Gerlorf, le père de Julia, s'ennuie dans sa maison de retraite, joue au détective amateur et, depuis qu'il a retrouvé ce qui pourrait être une sandale du gamin, s'entête à croire qu'il a deviné qui est l'assassin, sorti d'une vieille histoire de la dernière guerre, celle de 40.

[...] – On va trouver l’homme qui a enlevé Jens ?
– Je n’ai jamais dit ça, dit Gerlof. J’ai seulement promis de te montrer celui qui m’a envoyé l’enveloppe avec la sandale. Seulement ça.
– Ce n’est pas la même personne ?
– Je ne crois pas, dit Gerlof.
– Tu peux m’expliquer pourquoi ?
– Je le ferai une fois à Borgholm.
[...] « Il faut toujours que tu fasses des mystères, Gerlof, dit-elle.
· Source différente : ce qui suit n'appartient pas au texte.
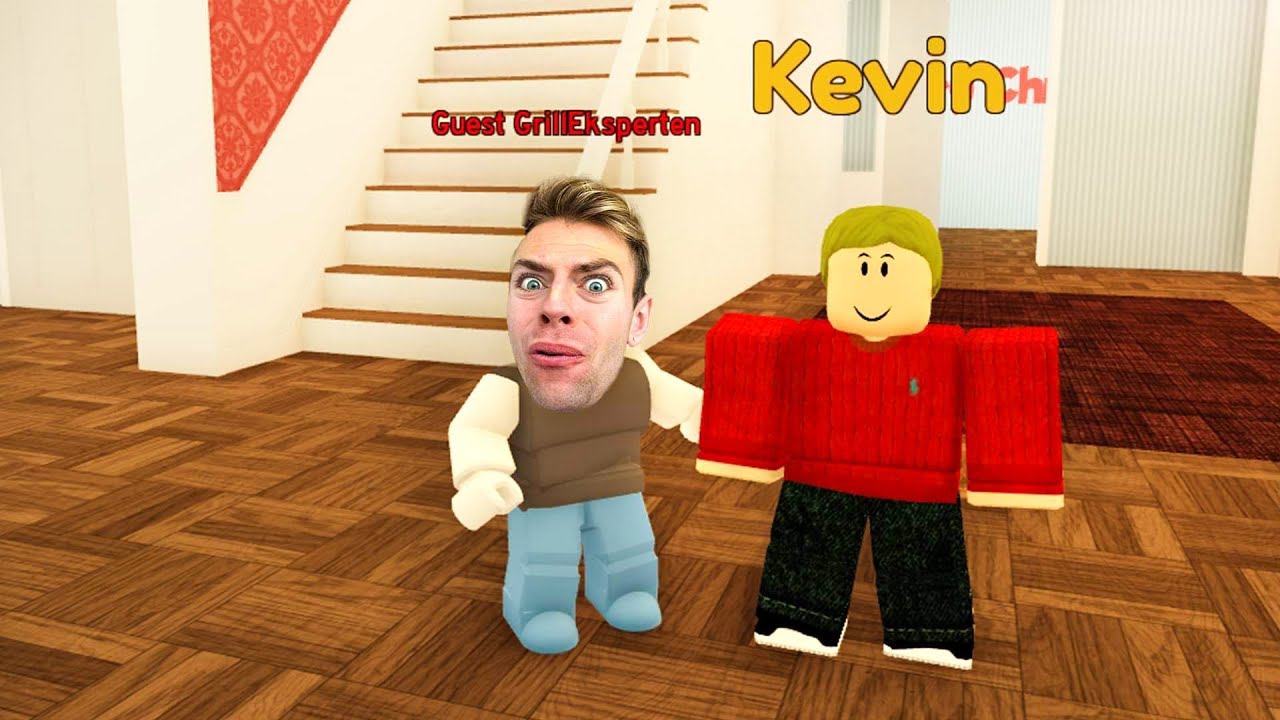 Alene hjemme i Roblox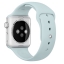 Спортивный ремешок бирюзового цвета для Apple Watch 42 мм, размеры S/M и M/L (MPUR2ZM/A)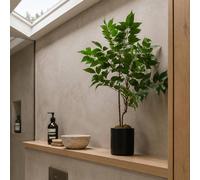 Leaf Botanik 65cm Green Artificial Fern Leaf Green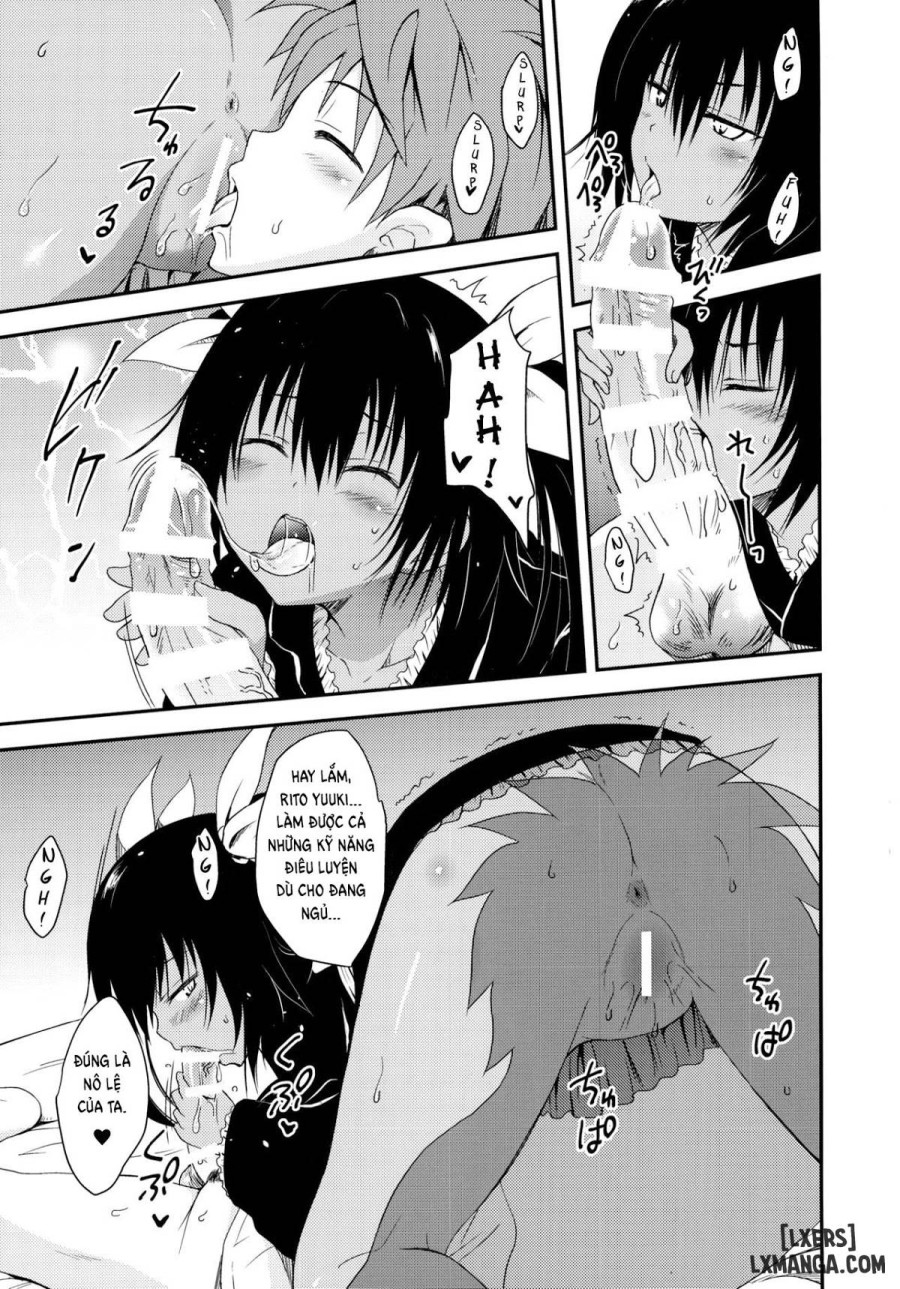 Geboku ni totte wa Gohoubi desu 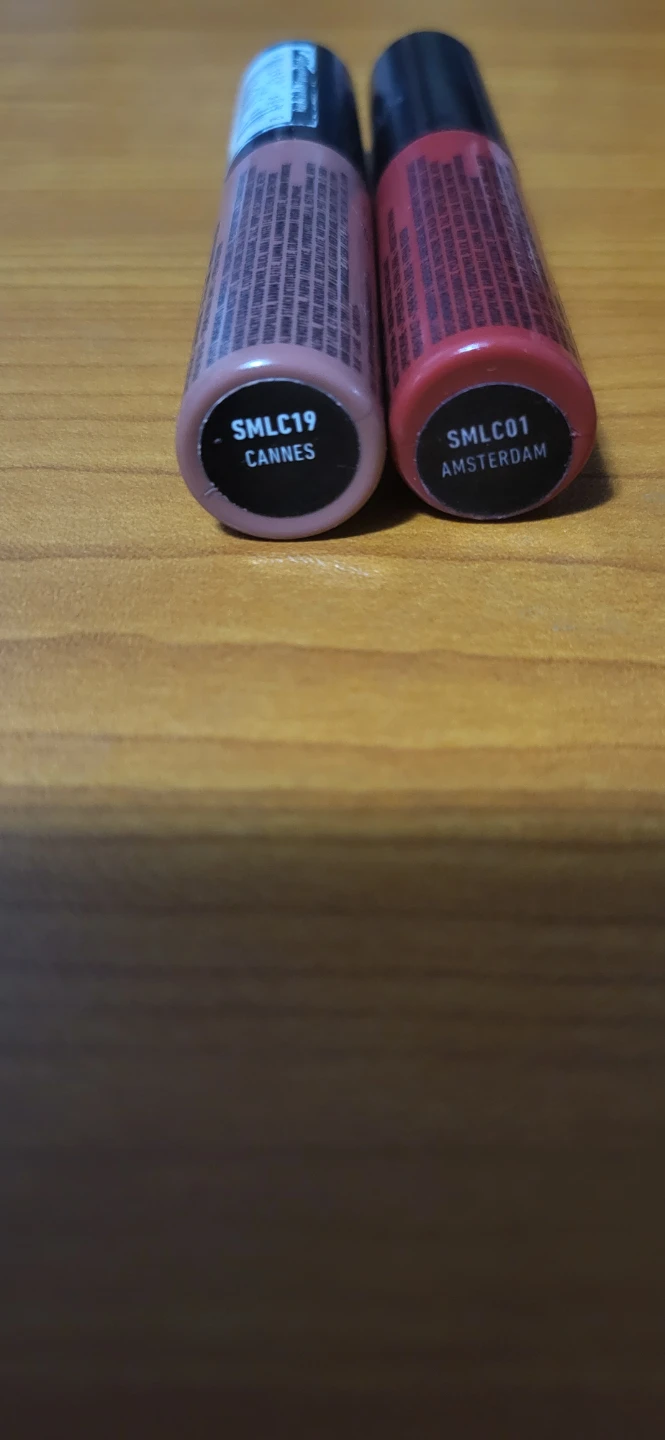 NYX Soft Matte Lip Cream 2-Pack (Cannes & Amsterdam) - photo 2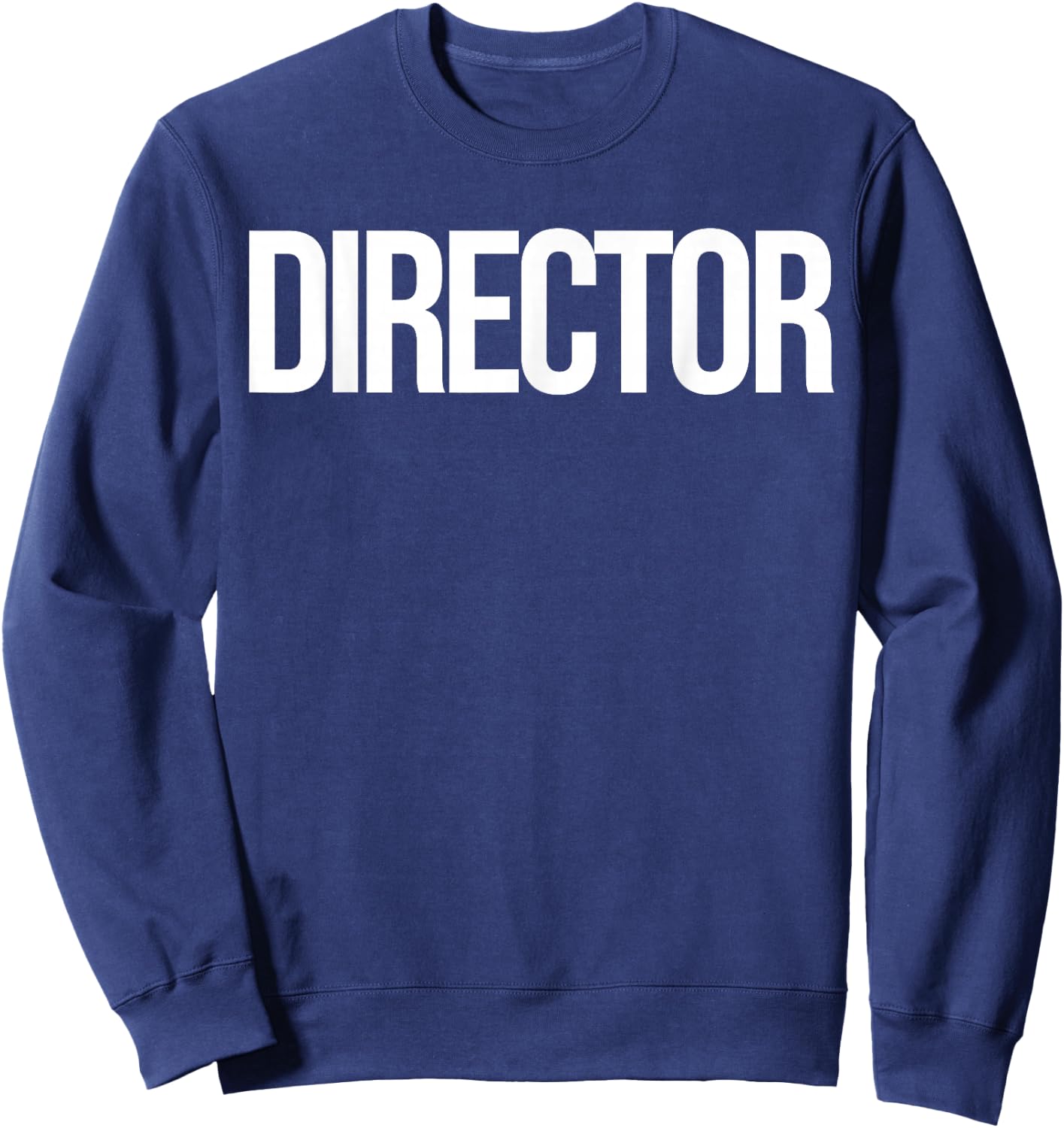 Creative Director Filmmaker Film Crew , Women & Kids Small Sweatshirt - Sweatshirt | Navy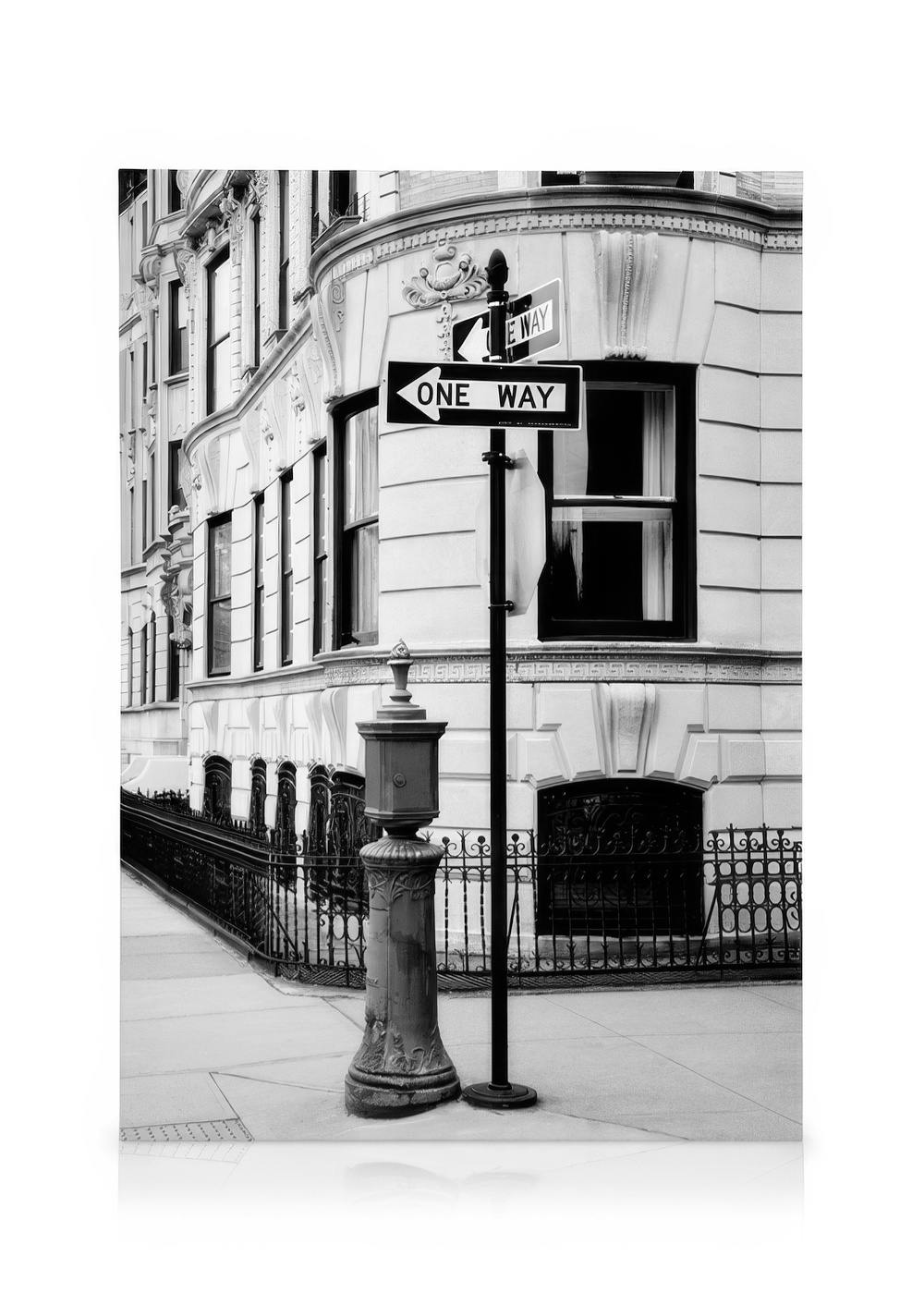 Canvas Prints One Way Canvas print (50x70 cm)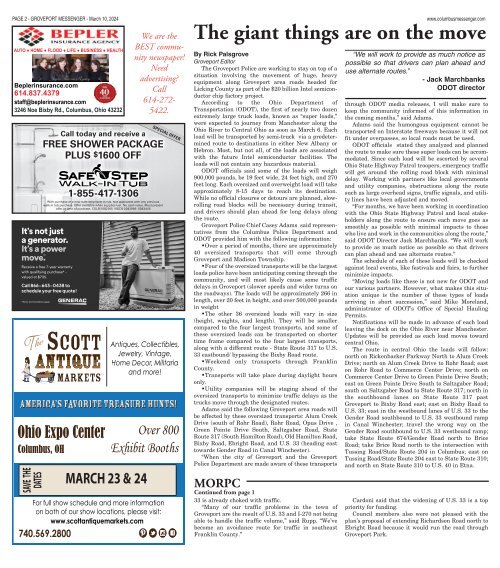 Groveport Messenger - March 10th, 2024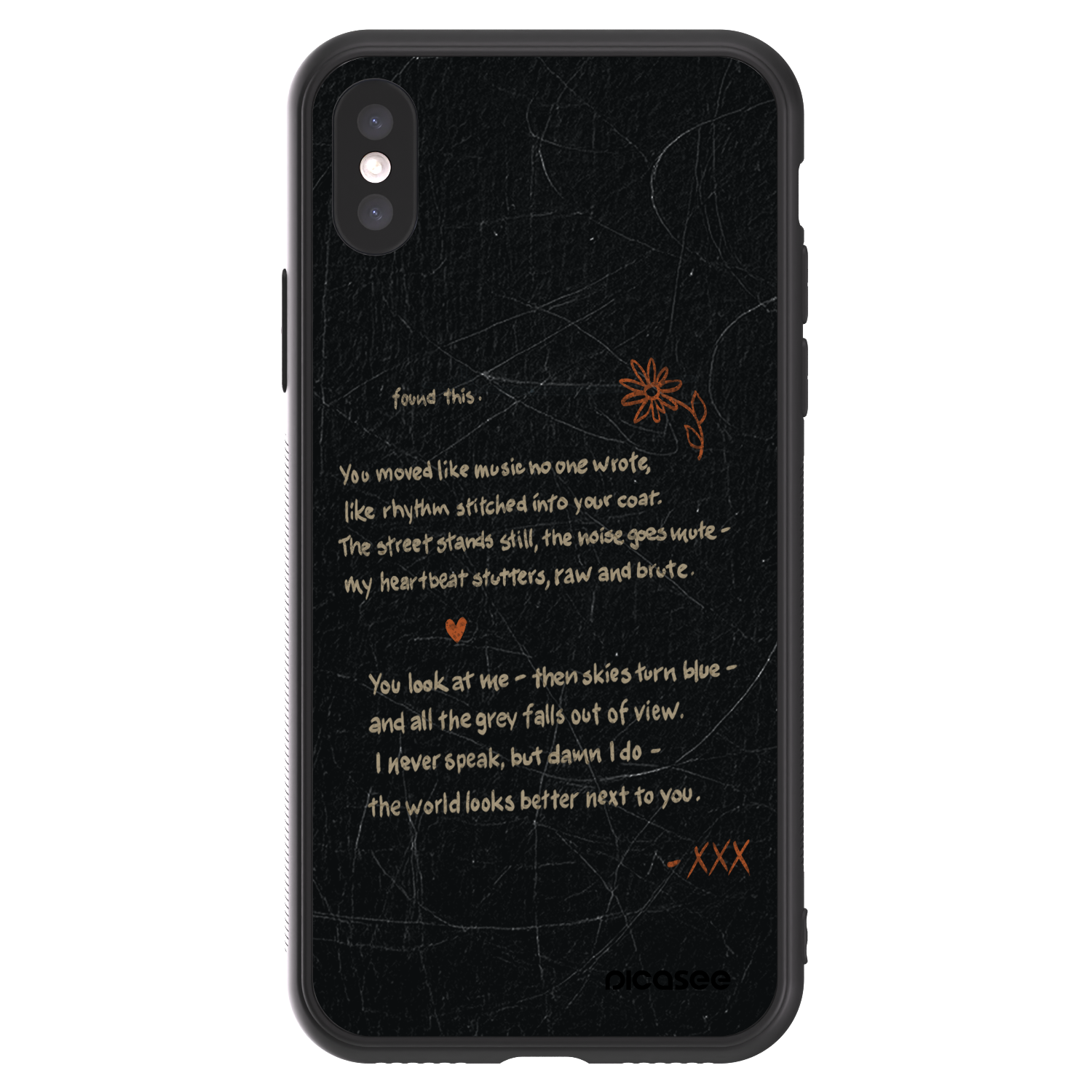 Picasee ULTIMATE CASE na Apple iPhone X/XS - POET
C’est pour faire l’intéressant ?
– Mais non, se hâta de dire Gerlof.
– À mon avis, si », dit Julia en tournant sur la grand-route en direction de Borgholm. Elle a peut-être raison, se dit Gerlof. Il n’y avait jamais vraiment réfléchi.
« Je ne fais pas l’intéressant, dit-il. Je pense seulement qu’il vaut mieux raconter les histoires à son propre rythme. Autrefois on prenait son temps, maintenant il faut que tout aille si vite. »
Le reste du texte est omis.